So we sometimes get asked about our tagline, Monitoring that Matters.
Doesn’t all monitoring matter? Well, yes it does. But to badly paraphrase George Orwell, all monitoring matters, but some monitorings are more mattering than others.
What makes monitoring matter? It’s whatever monitoring reduces your outages, reduces issues of unacceptable performance, or reduces time to resolution of these issues and outages.
We like to think of monitoring as similar to Maslow’s hierarchy – there are base levels that must be met first, but the higher up you go, the better.
- The base level of monitoring is “is my host/site alive?” Everyone needs this (but not everyone has it.) That gives you reactive monitoring.
- “Is my host going to keep working in the near term?” This means alerts about disks filling up, or swap space and memory used. This helps with reducing some outages.
- “How is my host performing?” Things like CPU load, and rate of swapping. Alerts on these metrics warn of impending performance issues, that can be addressed.

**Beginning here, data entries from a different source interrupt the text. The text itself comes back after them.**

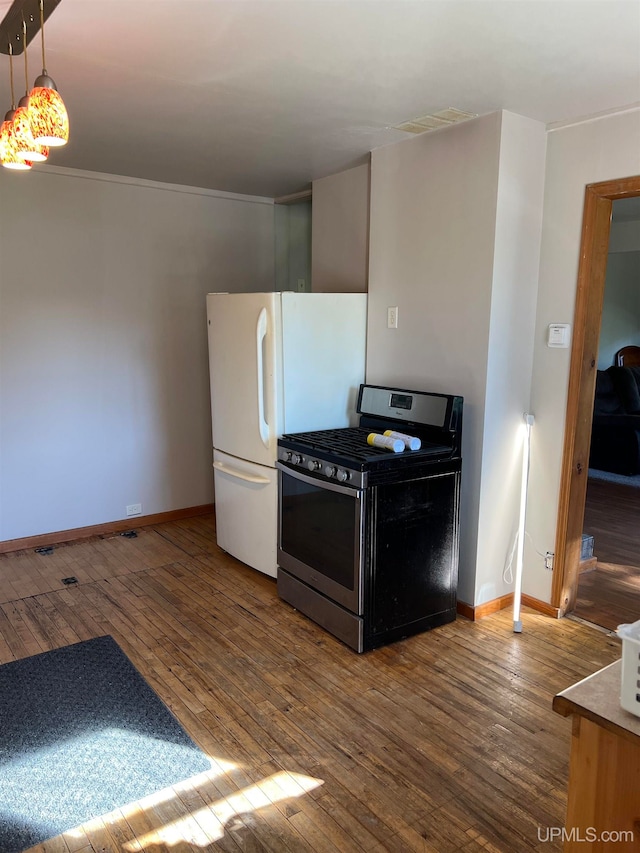 kitchen featuring white refrigerator, pendant lighting, hardwood / wood-style flooring, and stainless steel gas stove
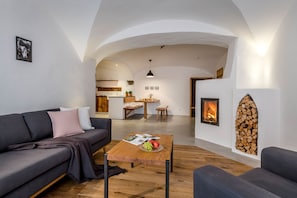 Ein modernes Wohnzimmer mit einer Couch, einem Couchtisch mit Früchten, einem Kamin und einer gewölbten Decke.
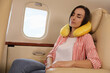 © New Africa - Young woman with travel pillow sleeping in airplane during flight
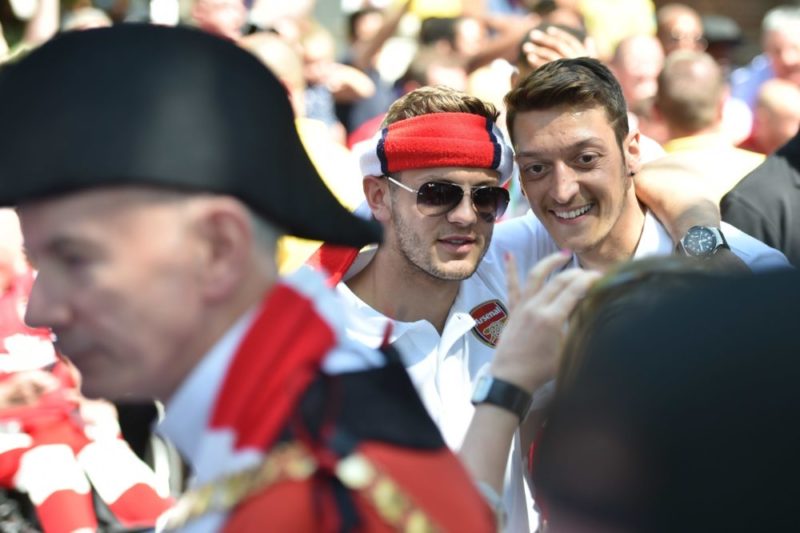 Arsenal's English midfielder Jack Wilshere (C) and Arsenal's German midfielder Mesut Ozil pose for photographs during their victory parade in London on May 18, 2014, following their win in the English FA Cup final football match on May 17, 2014 against Hull City. Aaron Ramsey insists Arsenal's dramatic FA Cup final victory will be the springboard for more glory now the Gunners have finally ended their trophy drought. Ramsey scored the extra-time goal that clinched a 3-2 win over Hull in Saturday's clash at Wembley, putting silverware back in the Arsenal trophy cabinet for the first time since 2005. AFP PHOTO / LEON NEAL 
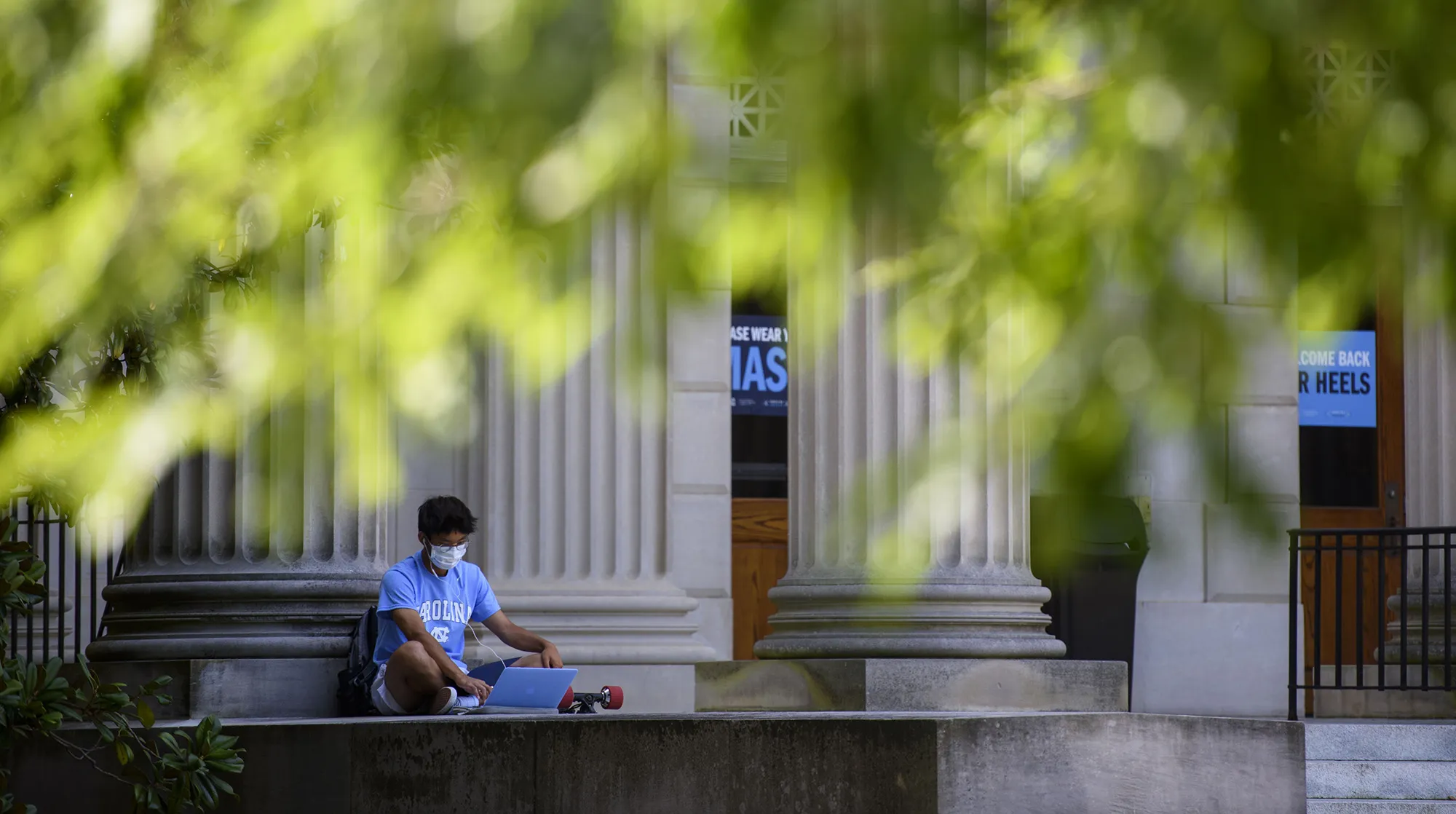 A student studies outside the closed Wilson Library on the campus of the University of North Carolina at Chapel Hill&nbsp;on Aug. 18.&nbsp;&nbsp;
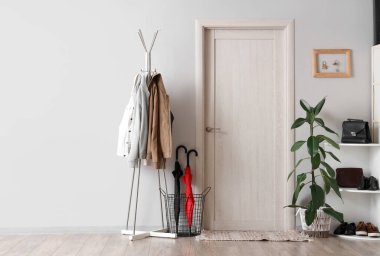 Elbise askısı, kapı, ayakkabı standı ve beyaz duvarda anahtar tutacağı olan şık bir salon.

- “How is my application performing?” A measurement of representational application performance. This may be things such as database transaction time, time for a web site to process a request, or even, for a storage array, latency of write requests. It’s really a more fundamental level of monitoring than level 3 – an alert about CPU load, in level 3, may not indicate anything amiss – in the case of NetApp monitoring, it could be a weekly raid scrub, and request latency, which is what really matters, is not affected at all. However, we rank it higher than level 3, simply as it’s easier (and more common) to monitor general purpose metrics (such as CPU) than application specific performance metrics (such as database transaction times.)

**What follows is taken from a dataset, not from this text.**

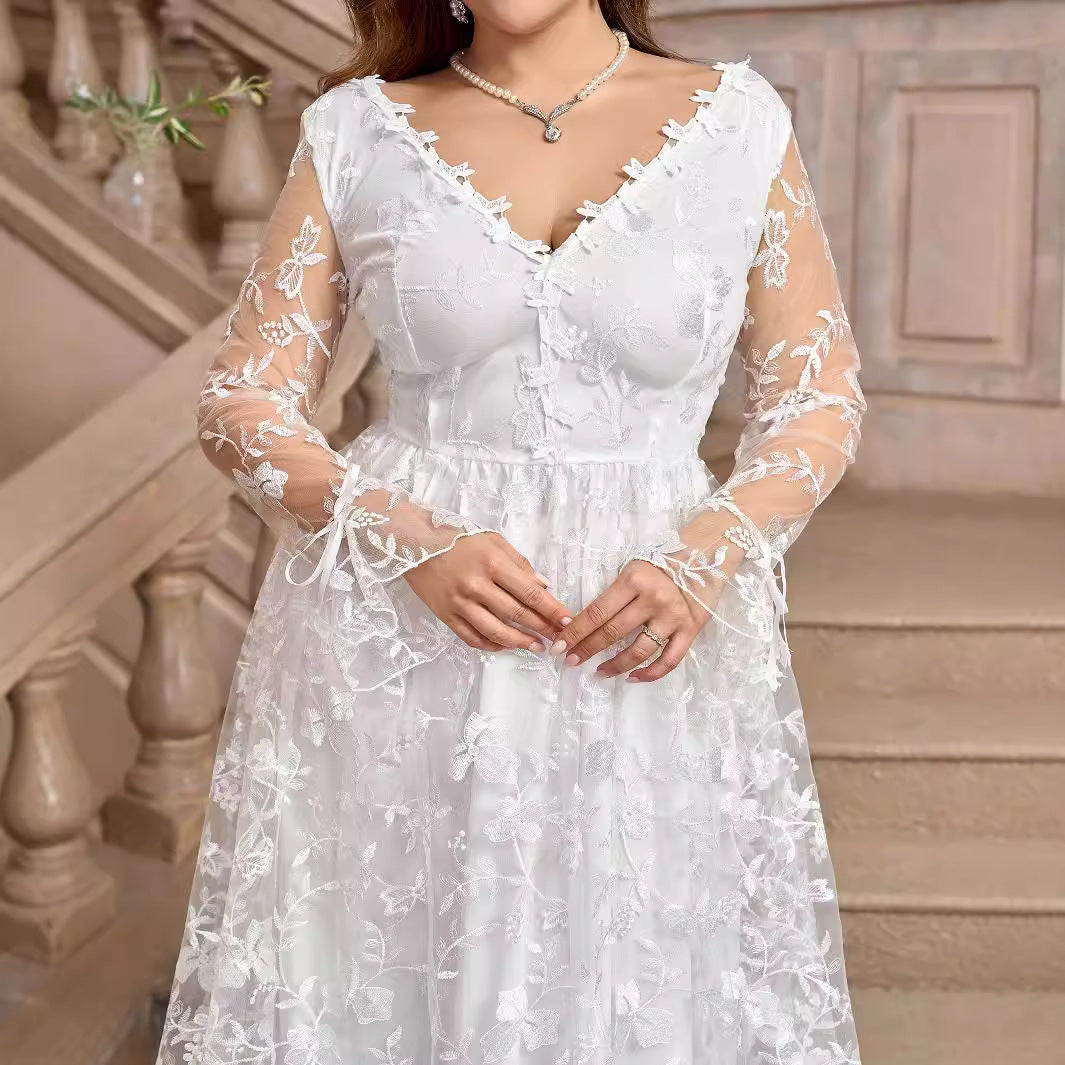 White lace dress with long sleeves worn by a person, set against a neutral indoor background.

- “Why is my application performing as it is?” This is where monitoring really starts to matter. The more data you collect and trend, the better your monitoring system will be at helping you quickly identify and resolve issues. (Of course, the more data you graph, the better your monitoring system need to be at presenting and organizing that data in a meaningful way. It’s easy to show 4 graphs of a system, but when you may have 120 different graphs for one system, and you need to quickly scan them to see correlations – the UI challenges get more interesting.) In a database, an alert about response time is clearly significant, but doesn’t tell you what the cause is. But if the monitoring system can quickly show you your database’s sequential table scans jumped after the last software release, or that latency of a storage array volume is high because another volume sharing the same physical disks is experiencing an abnormal rate of IO operations, you will be able to resolve your issues much quicker.

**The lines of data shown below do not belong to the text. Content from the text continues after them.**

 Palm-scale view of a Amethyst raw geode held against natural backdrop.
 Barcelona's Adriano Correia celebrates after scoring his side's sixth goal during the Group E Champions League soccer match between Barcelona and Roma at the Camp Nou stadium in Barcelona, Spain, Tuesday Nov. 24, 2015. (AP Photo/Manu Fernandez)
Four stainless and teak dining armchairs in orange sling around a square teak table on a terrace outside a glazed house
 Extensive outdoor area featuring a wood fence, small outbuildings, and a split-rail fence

- “How do I fix my issue?” This is the peak level, where the monitoring system not only shows all the data, but presents directions on how to resolve any issues. LogicMonitor can do this in some cases (for example, using data from the number of select operations, query cache hits and cache prunes due to low memory to recommend enlarging, reducing or disabling the MySQL query cache). But this is a much harder issue to generalize, especially across systems that interact. But we’re always improving.
How far up the hierarchy is your monitoring? If you don’t have a wealth of data about all aspects of your system, that you can trend in real time and look at historically, it’s almost certain that your outages and performance issues are both too frequent and too long.